When Lois entered the room, I gestured discretely, a pantomime of pointing to my ears in pain and closing the music box.
“Why don’t you go to your room for a while, sweetheart. Maybe I can get Daddy to take us out for lunch.”
After Amy left, I said, “If I hear that song one more time, I’m going to check my blood sugar and put myself on insulin.”
“What about lunch?”
“We’ll see.”
“You promised to take us,” Becky whined as the clock approached noon.
Lois looked at the girls then at me. “Daddy’s not in the mood for fast food, sweetie.”
“But you promised,” Becky cried, soon joined by Amy’s tearful, “You promised, Daddy.”
Lois rubbed my back. “Come on, Arnie. You like Burger World.”
“Tolerate is a better word.”
We loaded the kids and the dog into Lois’s minivan and drove downtown. It was a bright, but hazy day and, judging from the traffic, everyone had the same idea.
I pulled into the drive-through line about twelve cars deep, listening to the family’s meal preferences.
Becky leaned over my seat back. “Don’t forget to get a burger for Archie.”
Archie, our Golden Retriever, had his nose fused to the vent. His tail wagged in anticipation.
Suddenly, a foul, pungently sweet stench hit me. My mind flashed back to Fort Carson, Colorado, where I served as a battalion surgeon…
Two soldiers carried a PFC into the dispensary. The young soldier writhed in pain. Beaded sweat soaked his OD shirt and covered his face. When I approached the examining table, he pointed. “It’s on my butt, Doc. It’s killing me.”
When he turned face down, I saw a large shiny abscess, a red three-inch circular swelling with white-gray spot in the middle.
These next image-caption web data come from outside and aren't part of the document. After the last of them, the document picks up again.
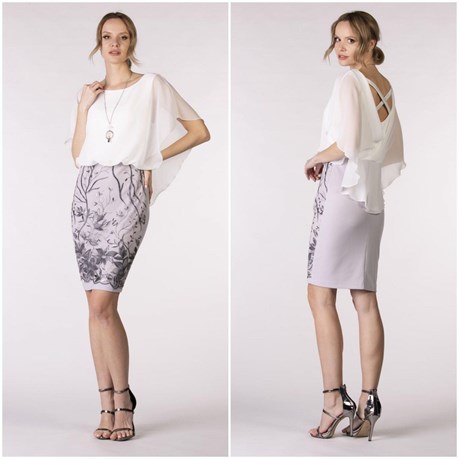 Sukienka krótka koronka krzyż plecy biel/popiel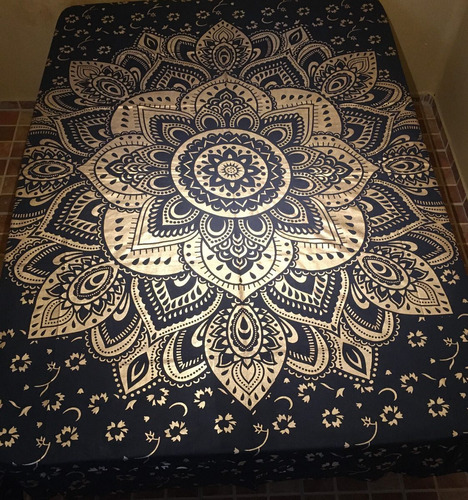 Mandala Tapestry Sabana Sobrecama Cortina 2.4x2.1m India #72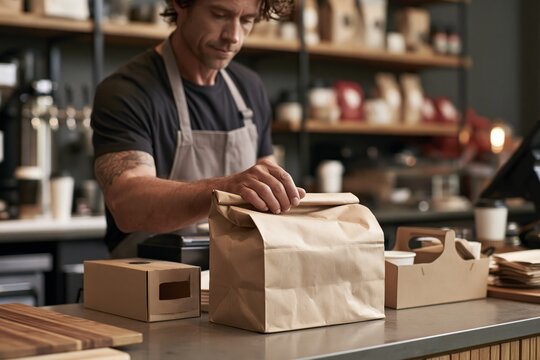 Cafe staff preparing mobile pickup order with paper bag behind counter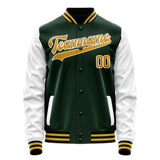 Custom Green Gold Solid Color Varsity Letterman Jacket JA02240617JG191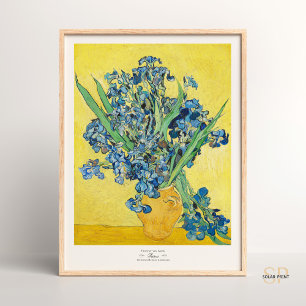 Vincent van Gogh Vase with Irises Art Print Vintag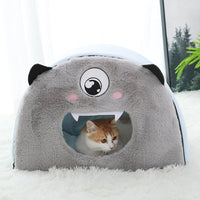 HKM-4166589 Round Detachable Plush Cat Nest - Cute Cartoon Design for Comfortable Pet Resting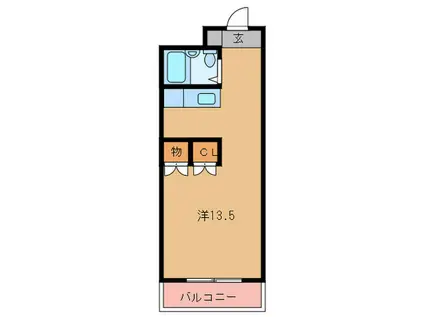 ジョイフル古賀(ワンルーム/3階)の間取り写真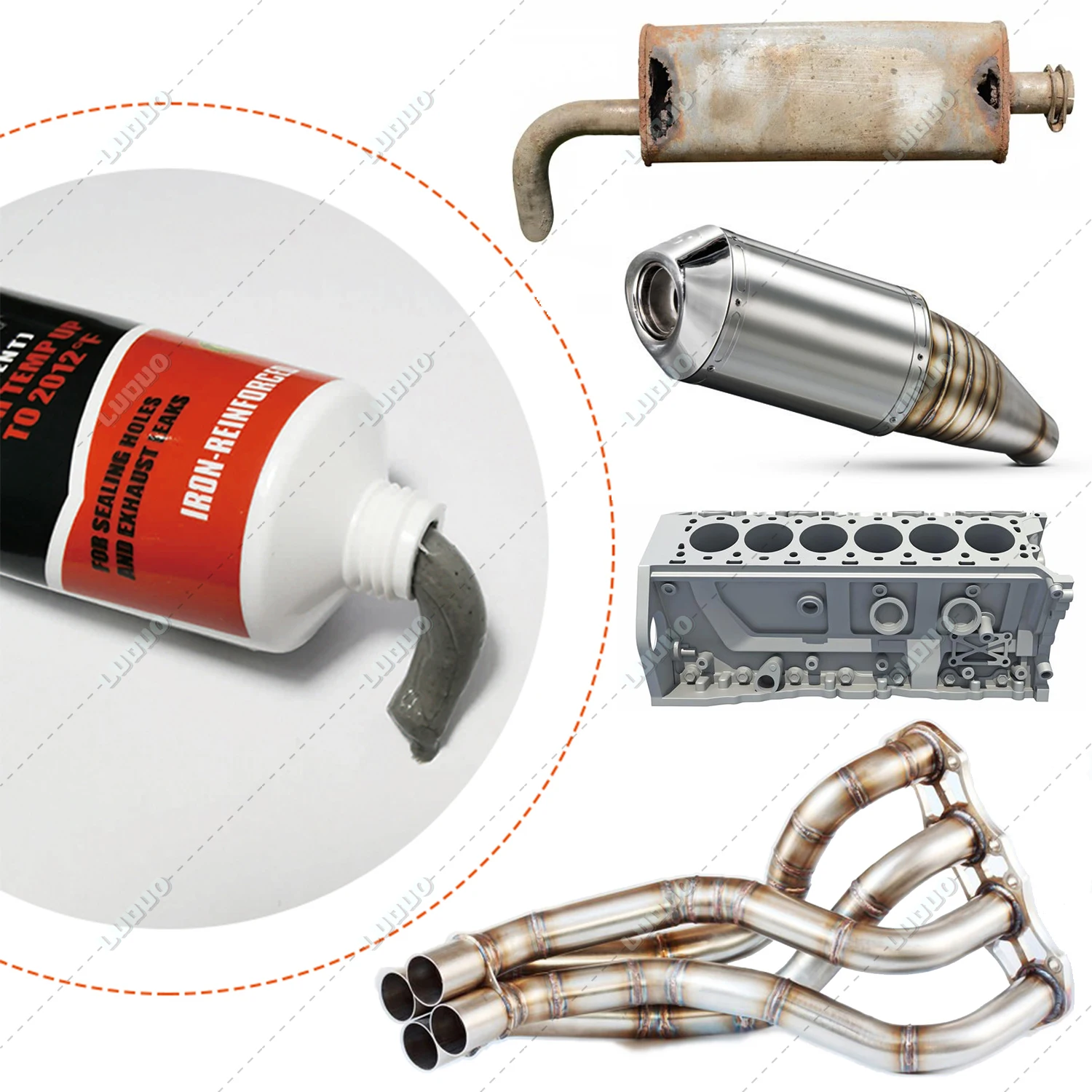 CarExhaustPipeRepairGlueSealantHighTemperaturePipeRepairGlue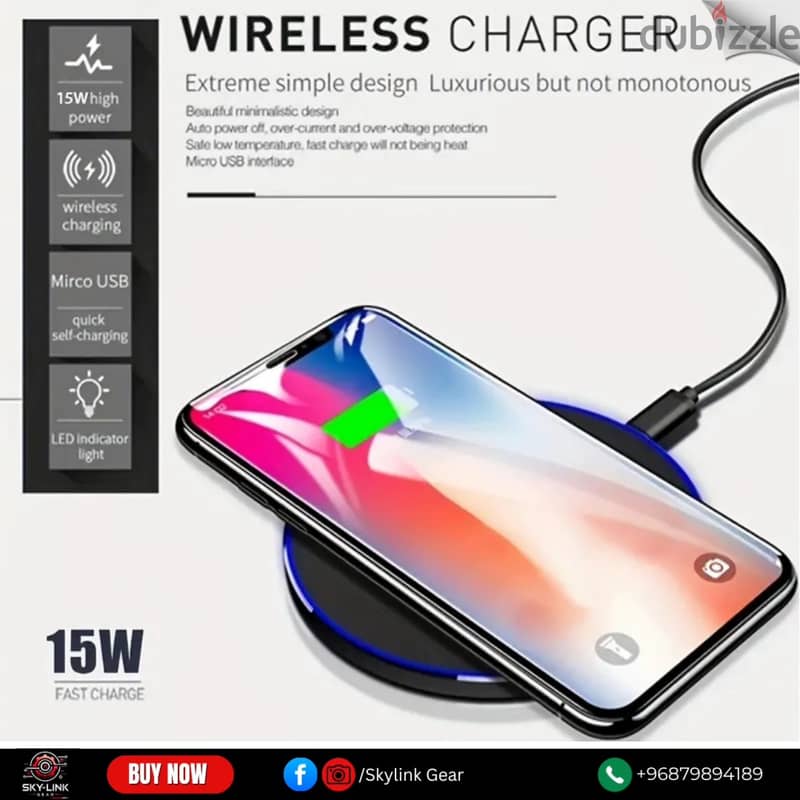 Ultra-Slim 15W Magnetic Wireless Charger Pad with USB & Type-C Cable - 6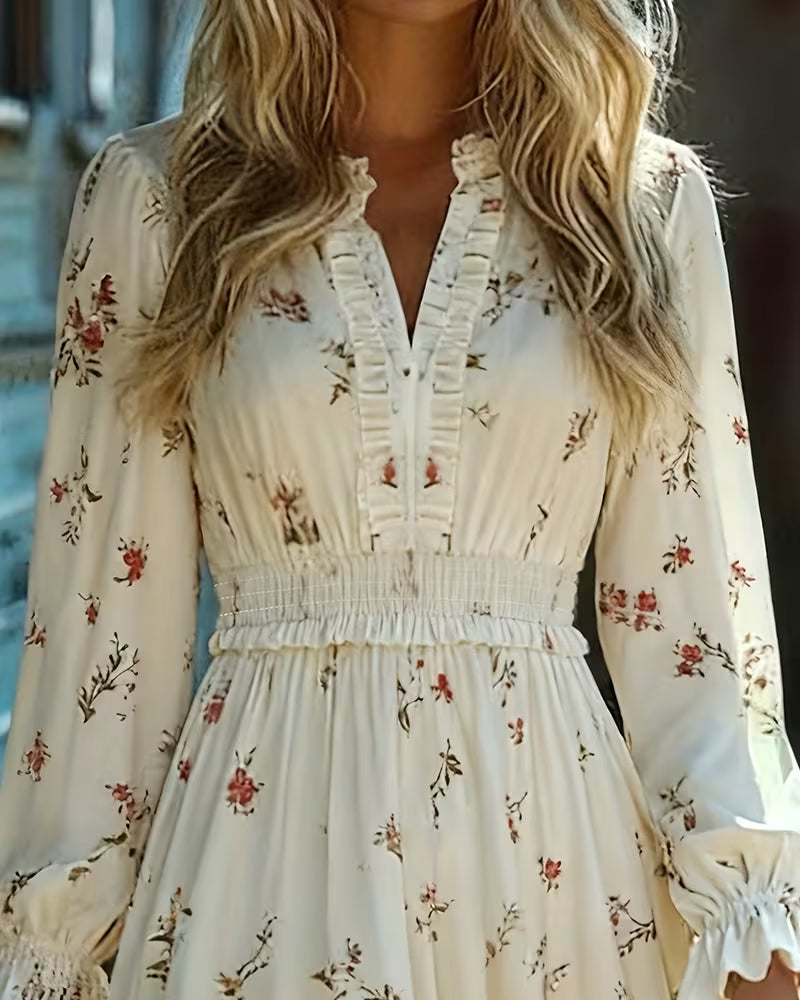 Robe Élégante Manches Longues Fleurie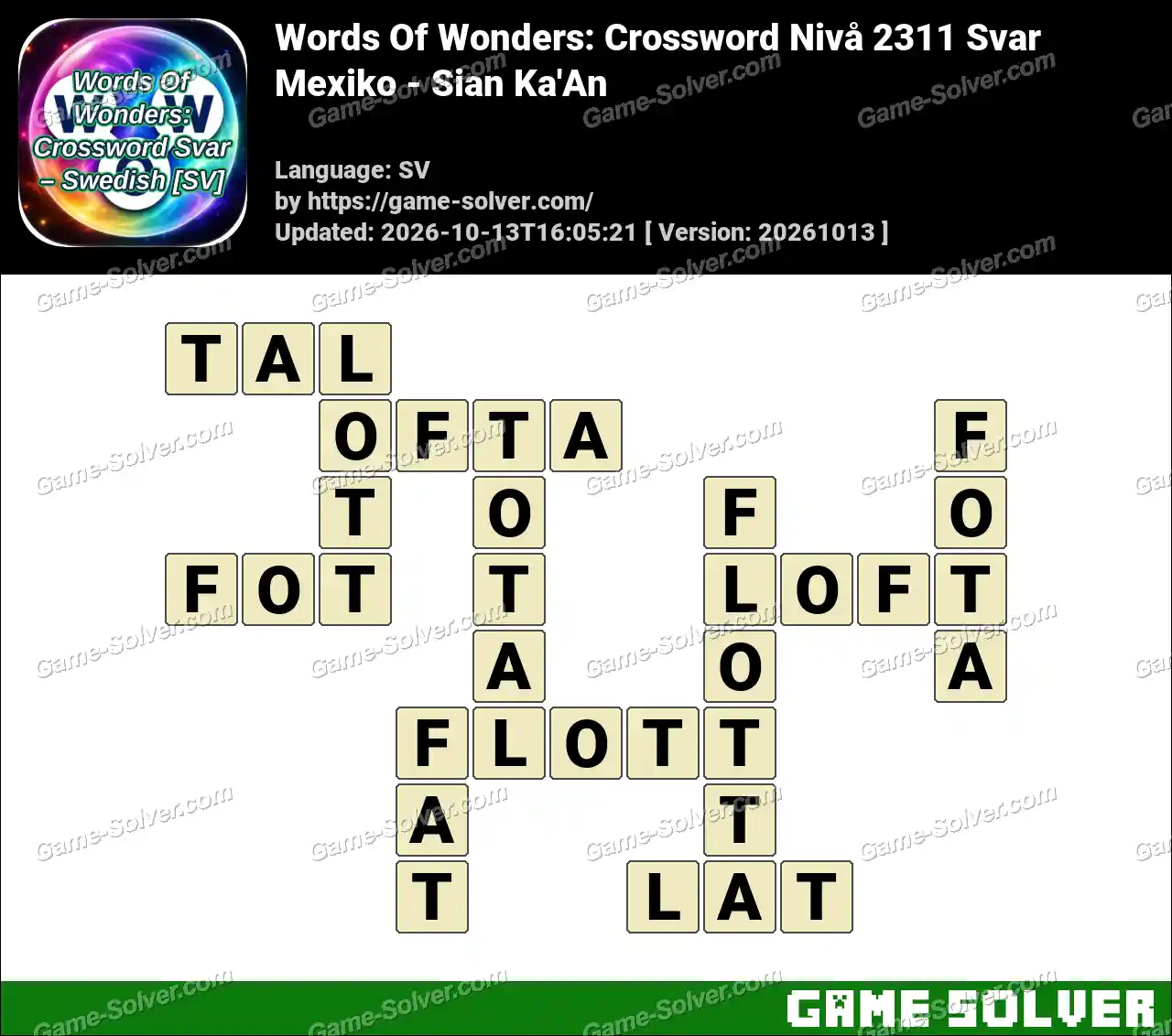 Words Of Wonders: Crossword Nivå 2311 Svar – Mexiko – Sian Ka’An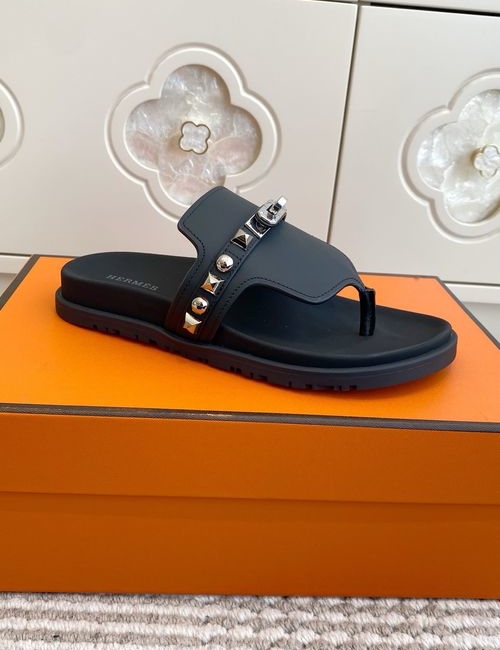 Hermes Kelly Buckle Cowhide Leather Comfort Slippers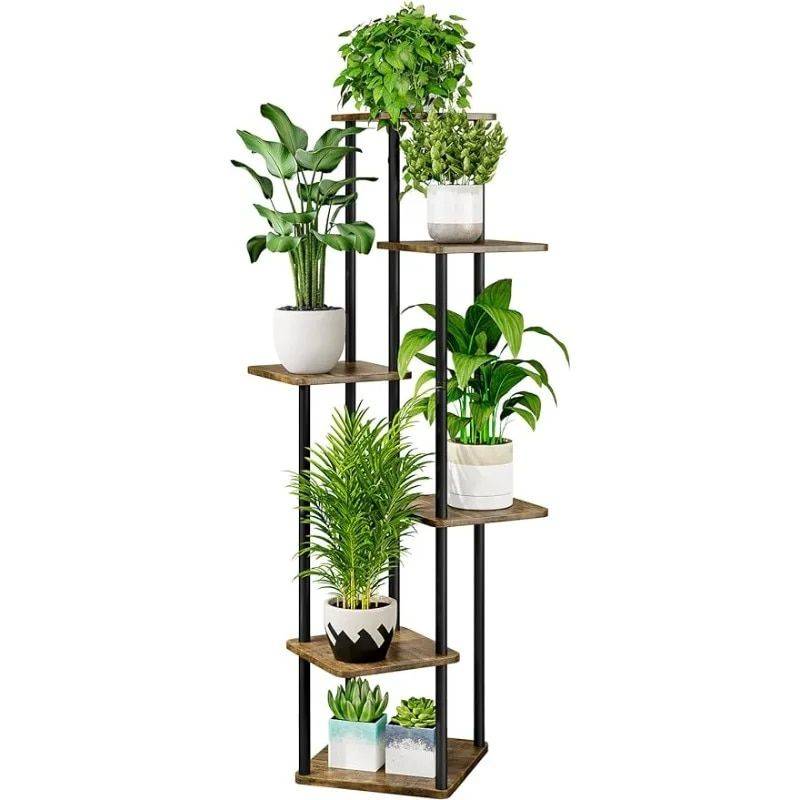6-Tier Metal Plant Stand Color: 6 Tier-Black Rustic 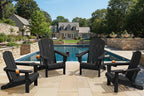 SERWALL Folding Adirondack Chair, Dual Cup Holders, Wood-Like Patio Chair for Backyard, Camping，Pool & Fire Pit- Black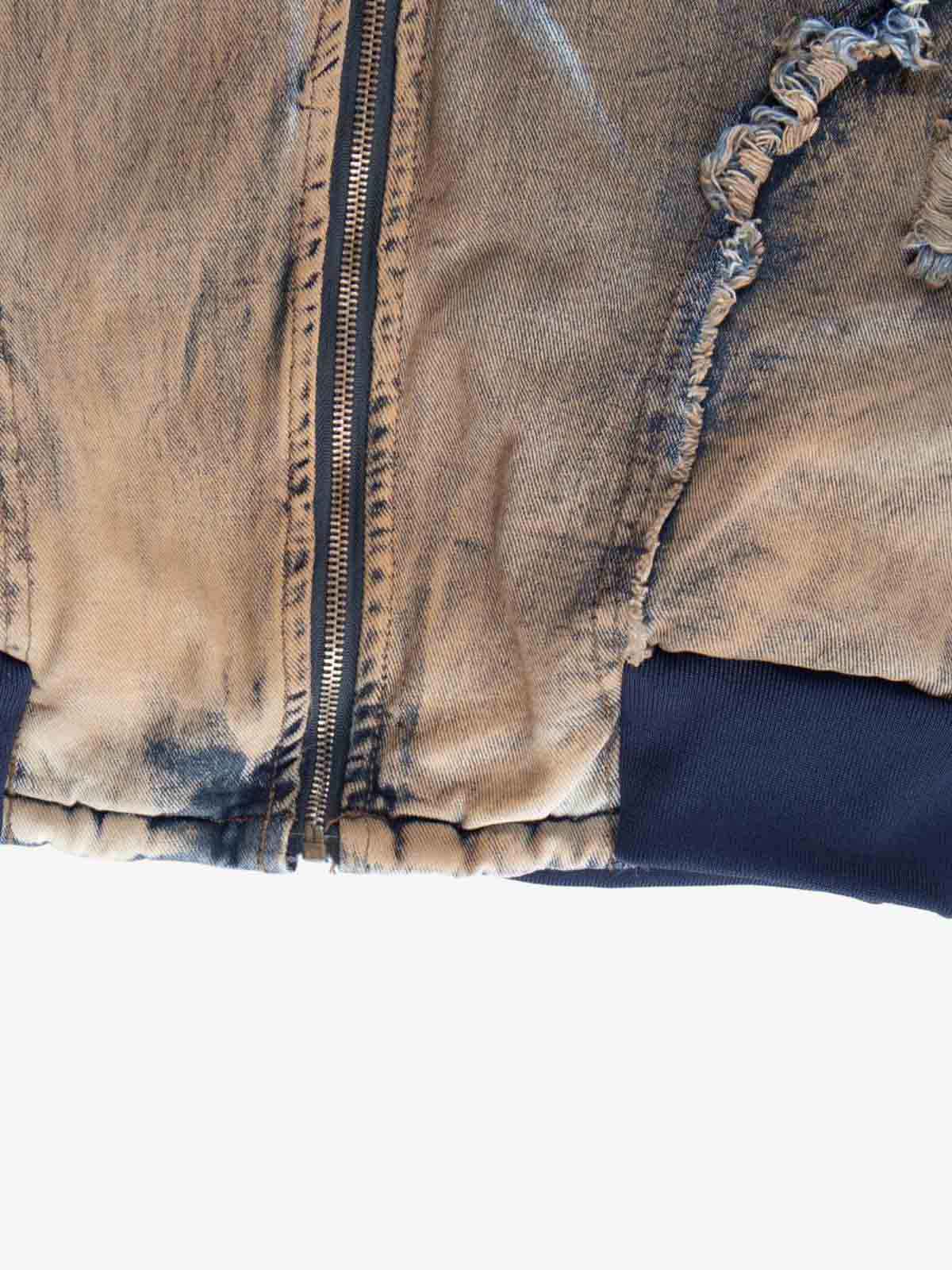 Distressed Mud-Dyed Frayed Edge Denim Bomber Jacket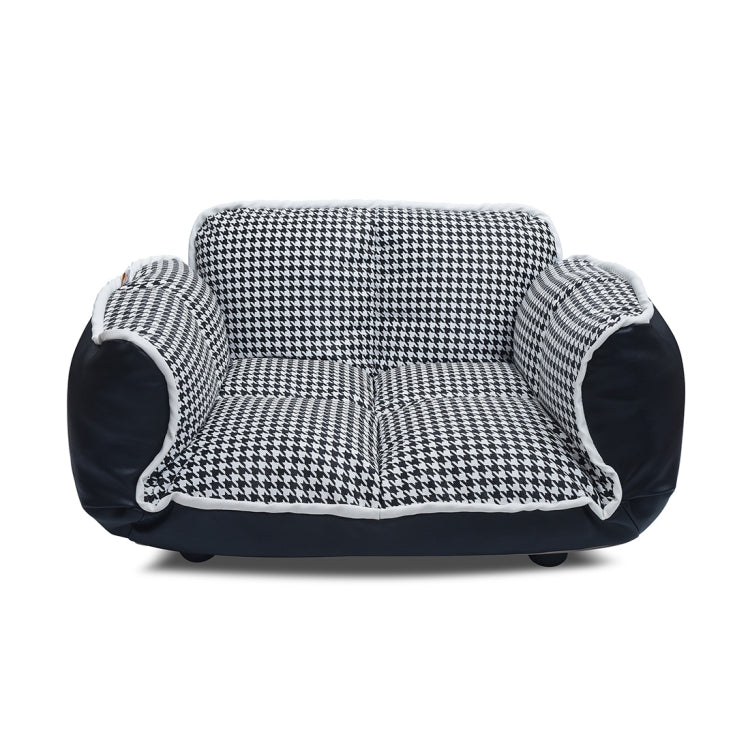 [US Warehouse] PU + PVC Leather Pet Bed with Adjustable Armrests(Houndstooth)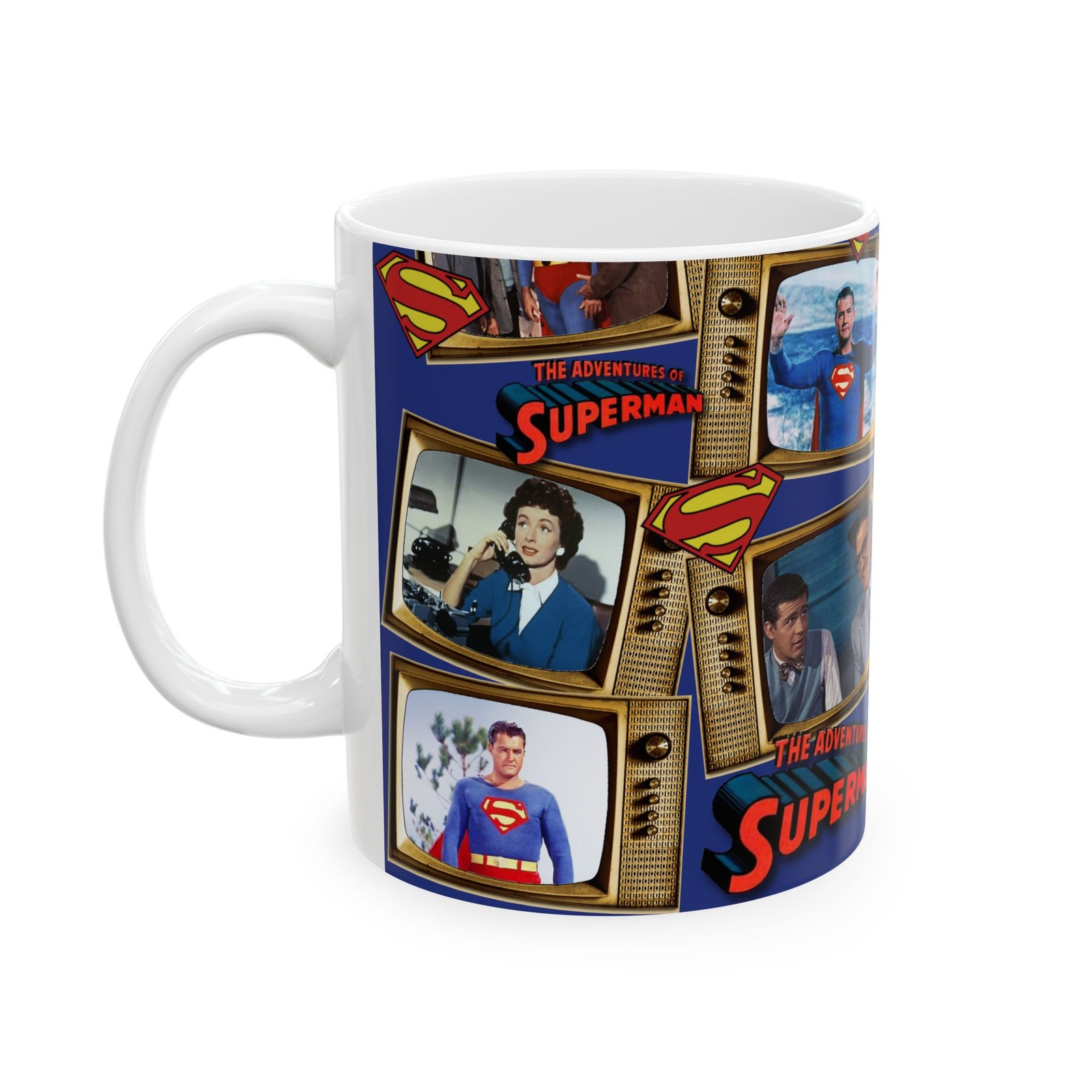 Adventures of Superman Ceramic Mug 11oz, Classic TV Coffee Cup, Pop Culture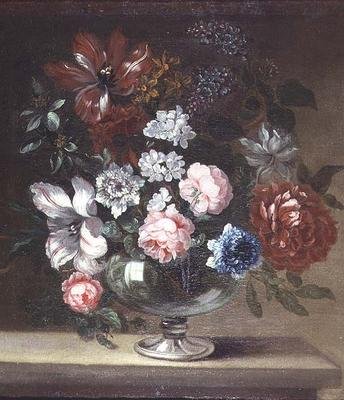 Rosen, Tulpen und andere Blumen in einer Vase von Jean Baptiste (follower of) Monnoyer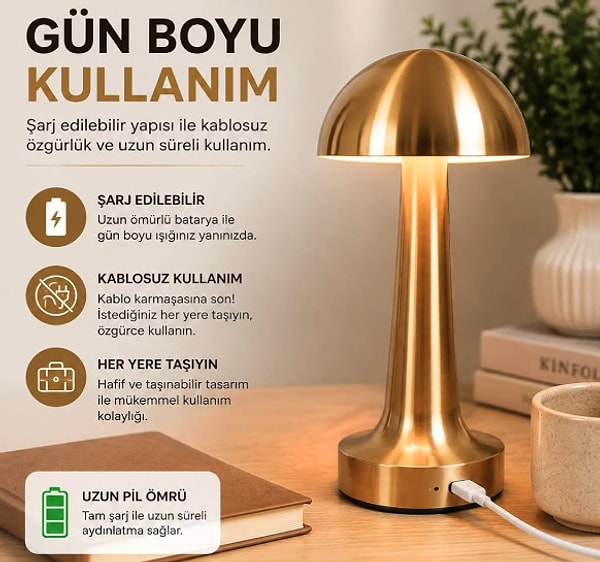 Kablolardan bağımsız, şık tasarımıyla ister çalışma masanızda ister yatak ucunda kullanabileceğiniz dokunmatik kontrollü şarjlı masa lambası.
The abscess was bulging and getting ready to rupture. When I touched it, he screamed in agony.
“I’ll fix this in a minute,” I said as I froze the surface of the boil with ethylene chloride spray, then lanced it with a scalpel and watched as the infected material erupted from the wound with the foul stench of infection. I gagged.
He screamed. “It’s gone Doc…it’s gone…thank God, it’s a miracle.”…
I jerked the wheel to the right breaking away from the drive-through line and left the parking lot.
“What are you doing, Daddy?” Becky shouted, suddenly shocked.
Lois looked at me strangely. “Arnie, what’s wrong?”